▶ RECORDS
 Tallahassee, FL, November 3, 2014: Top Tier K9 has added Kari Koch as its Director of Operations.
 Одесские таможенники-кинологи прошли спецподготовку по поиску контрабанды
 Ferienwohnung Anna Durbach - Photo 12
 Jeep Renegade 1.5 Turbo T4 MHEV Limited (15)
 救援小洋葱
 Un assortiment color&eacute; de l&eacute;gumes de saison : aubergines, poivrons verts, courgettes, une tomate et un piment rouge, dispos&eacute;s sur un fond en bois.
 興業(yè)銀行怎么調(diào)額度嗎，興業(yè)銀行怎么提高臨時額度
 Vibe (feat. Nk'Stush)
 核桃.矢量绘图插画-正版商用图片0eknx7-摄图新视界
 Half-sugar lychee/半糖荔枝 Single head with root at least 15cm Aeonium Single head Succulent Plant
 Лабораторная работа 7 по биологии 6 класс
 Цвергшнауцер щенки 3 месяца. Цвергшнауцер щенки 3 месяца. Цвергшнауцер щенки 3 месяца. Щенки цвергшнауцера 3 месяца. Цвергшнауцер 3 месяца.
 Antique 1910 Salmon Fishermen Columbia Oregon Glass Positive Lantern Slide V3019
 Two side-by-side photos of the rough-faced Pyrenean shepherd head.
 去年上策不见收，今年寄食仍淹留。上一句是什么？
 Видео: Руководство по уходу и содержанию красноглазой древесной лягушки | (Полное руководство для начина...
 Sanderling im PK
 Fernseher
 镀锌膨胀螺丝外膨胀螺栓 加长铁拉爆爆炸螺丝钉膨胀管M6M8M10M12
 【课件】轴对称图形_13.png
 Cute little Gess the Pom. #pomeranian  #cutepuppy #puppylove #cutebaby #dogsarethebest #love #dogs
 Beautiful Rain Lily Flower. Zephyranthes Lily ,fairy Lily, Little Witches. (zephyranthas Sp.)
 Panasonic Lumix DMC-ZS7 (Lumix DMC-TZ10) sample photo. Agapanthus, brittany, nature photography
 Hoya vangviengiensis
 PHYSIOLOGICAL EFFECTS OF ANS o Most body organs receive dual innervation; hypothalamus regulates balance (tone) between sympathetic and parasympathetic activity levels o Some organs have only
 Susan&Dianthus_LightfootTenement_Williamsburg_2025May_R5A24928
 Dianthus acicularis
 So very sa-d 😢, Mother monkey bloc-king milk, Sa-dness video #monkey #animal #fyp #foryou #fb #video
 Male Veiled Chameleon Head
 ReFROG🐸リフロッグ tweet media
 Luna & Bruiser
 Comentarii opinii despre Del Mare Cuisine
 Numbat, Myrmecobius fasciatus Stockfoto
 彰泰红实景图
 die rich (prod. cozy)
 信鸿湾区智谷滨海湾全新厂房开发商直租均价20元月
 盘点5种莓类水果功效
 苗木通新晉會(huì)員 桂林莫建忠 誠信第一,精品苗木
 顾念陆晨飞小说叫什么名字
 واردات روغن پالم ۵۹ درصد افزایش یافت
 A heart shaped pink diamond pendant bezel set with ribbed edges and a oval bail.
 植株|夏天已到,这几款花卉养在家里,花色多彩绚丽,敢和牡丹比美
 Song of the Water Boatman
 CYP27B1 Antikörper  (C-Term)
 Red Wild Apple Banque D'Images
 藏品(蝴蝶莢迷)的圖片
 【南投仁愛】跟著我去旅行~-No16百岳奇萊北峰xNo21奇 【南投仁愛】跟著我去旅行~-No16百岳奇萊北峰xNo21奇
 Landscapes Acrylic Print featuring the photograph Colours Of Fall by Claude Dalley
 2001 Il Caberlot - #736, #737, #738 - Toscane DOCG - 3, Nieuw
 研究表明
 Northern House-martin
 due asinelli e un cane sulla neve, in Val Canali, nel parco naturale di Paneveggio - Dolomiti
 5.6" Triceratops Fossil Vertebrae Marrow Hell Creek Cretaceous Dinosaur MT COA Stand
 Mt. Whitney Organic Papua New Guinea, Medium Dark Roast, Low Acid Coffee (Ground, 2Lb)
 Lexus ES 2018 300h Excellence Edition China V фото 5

▶ WHAT YOU NEED TO DO
In the material above, find the line containing "Jeep Renegade 1.5 Turbo T4 MHEV Limited (15)" and the line containing "Dianthus acicularis", then write out exactly those two lines and every line between them, and nothing more.

▶ ANSWER TO THE PROBLEM
 Jeep Renegade 1.5 Turbo T4 MHEV Limited (15)
 救援小洋葱
 Un assortiment color&eacute; de l&eacute;gumes de saison : aubergines, poivrons verts, courgettes, une tomate et un piment rouge, dispos&eacute;s sur un fond en bois.
 興業(yè)銀行怎么調(diào)額度嗎，興業(yè)銀行怎么提高臨時額度
 Vibe (feat. Nk'Stush)
 核桃.矢量绘图插画-正版商用图片0eknx7-摄图新视界
 Half-sugar lychee/半糖荔枝 Single head with root at least 15cm Aeonium Single head Succulent Plant
 Лабораторная работа 7 по биологии 6 класс
 Цвергшнауцер щенки 3 месяца. Цвергшнауцер щенки 3 месяца. Цвергшнауцер щенки 3 месяца. Щенки цвергшнауцера 3 месяца. Цвергшнауцер 3 месяца.
 Antique 1910 Salmon Fishermen Columbia Oregon Glass Positive Lantern Slide V3019
 Two side-by-side photos of the rough-faced Pyrenean shepherd head.
 去年上策不见收，今年寄食仍淹留。上一句是什么？
 Видео: Руководство по уходу и содержанию красноглазой древесной лягушки | (Полное руководство для начина...
 Sanderling im PK
 Fernseher
 镀锌膨胀螺丝外膨胀螺栓 加长铁拉爆爆炸螺丝钉膨胀管M6M8M10M12
 【课件】轴对称图形_13.png
 Cute little Gess the Pom. #pomeranian  #cutepuppy #puppylove #cutebaby #dogsarethebest #love #dogs
 Beautiful Rain Lily Flower. Zephyranthes Lily ,fairy Lily, Little Witches. (zephyranthas Sp.)
 Panasonic Lumix DMC-ZS7 (Lumix DMC-TZ10) sample photo. Agapanthus, brittany, nature photography
 Hoya vangviengiensis
 PHYSIOLOGICAL EFFECTS OF ANS o Most body organs receive dual innervation; hypothalamus regulates balance (tone) between sympathetic and parasympathetic activity levels o Some organs have only
 Susan&Dianthus_LightfootTenement_Williamsburg_2025May_R5A24928
 Dianthus acicularis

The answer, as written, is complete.